→ TASK TO COMPLETE: When you reach the line that contains "Din ve Beyin: Beynimiz" in the data below, copy it and every line after it exactly, adding nothing.

→ SUPPLIED DATA:
******

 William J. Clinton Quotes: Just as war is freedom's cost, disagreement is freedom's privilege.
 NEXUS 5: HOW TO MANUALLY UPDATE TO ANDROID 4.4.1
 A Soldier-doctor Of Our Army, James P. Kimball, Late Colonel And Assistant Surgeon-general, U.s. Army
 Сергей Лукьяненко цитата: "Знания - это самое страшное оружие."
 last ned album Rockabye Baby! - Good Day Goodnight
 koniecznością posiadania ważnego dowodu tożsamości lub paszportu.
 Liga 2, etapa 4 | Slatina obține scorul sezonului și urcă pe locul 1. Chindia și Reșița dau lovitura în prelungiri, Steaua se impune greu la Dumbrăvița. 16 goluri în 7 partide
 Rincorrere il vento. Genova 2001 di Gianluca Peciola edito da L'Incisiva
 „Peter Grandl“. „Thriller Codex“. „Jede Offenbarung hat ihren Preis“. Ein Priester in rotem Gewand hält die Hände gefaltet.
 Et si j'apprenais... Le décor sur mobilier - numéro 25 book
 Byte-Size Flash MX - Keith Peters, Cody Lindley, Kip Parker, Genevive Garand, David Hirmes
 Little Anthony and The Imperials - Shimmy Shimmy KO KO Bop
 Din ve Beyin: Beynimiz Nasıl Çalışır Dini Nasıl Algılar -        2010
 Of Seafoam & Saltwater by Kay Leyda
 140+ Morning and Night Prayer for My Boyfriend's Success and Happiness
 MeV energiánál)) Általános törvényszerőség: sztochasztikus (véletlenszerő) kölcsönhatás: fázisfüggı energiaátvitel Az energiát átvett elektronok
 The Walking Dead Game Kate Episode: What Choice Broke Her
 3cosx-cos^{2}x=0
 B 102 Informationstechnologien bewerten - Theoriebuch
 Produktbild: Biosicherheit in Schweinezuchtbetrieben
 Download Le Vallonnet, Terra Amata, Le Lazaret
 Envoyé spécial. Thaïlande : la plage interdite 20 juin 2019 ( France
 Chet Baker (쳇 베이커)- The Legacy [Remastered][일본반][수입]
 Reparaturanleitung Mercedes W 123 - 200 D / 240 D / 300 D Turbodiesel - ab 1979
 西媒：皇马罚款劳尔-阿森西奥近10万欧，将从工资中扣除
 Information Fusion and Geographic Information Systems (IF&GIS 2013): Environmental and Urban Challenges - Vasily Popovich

******

→ ANSWER BELOW:
 Din ve Beyin: Beynimiz Nasıl Çalışır Dini Nasıl Algılar -        2010
 Of Seafoam & Saltwater by Kay Leyda
 140+ Morning and Night Prayer for My Boyfriend's Success and Happiness
 MeV energiánál)) Általános törvényszerőség: sztochasztikus (véletlenszerő) kölcsönhatás: fázisfüggı energiaátvitel Az energiát átvett elektronok
 The Walking Dead Game Kate Episode: What Choice Broke Her
 3cosx-cos^{2}x=0
 B 102 Informationstechnologien bewerten - Theoriebuch
 Produktbild: Biosicherheit in Schweinezuchtbetrieben
 Download Le Vallonnet, Terra Amata, Le Lazaret
 Envoyé spécial. Thaïlande : la plage interdite 20 juin 2019 ( France
 Chet Baker (쳇 베이커)- The Legacy [Remastered][일본반][수입]
 Reparaturanleitung Mercedes W 123 - 200 D / 240 D / 300 D Turbodiesel - ab 1979
 西媒：皇马罚款劳尔-阿森西奥近10万欧，将从工资中扣除
 Information Fusion and Geographic Information Systems (IF&GIS 2013): Environmental and Urban Challenges - Vasily Popovich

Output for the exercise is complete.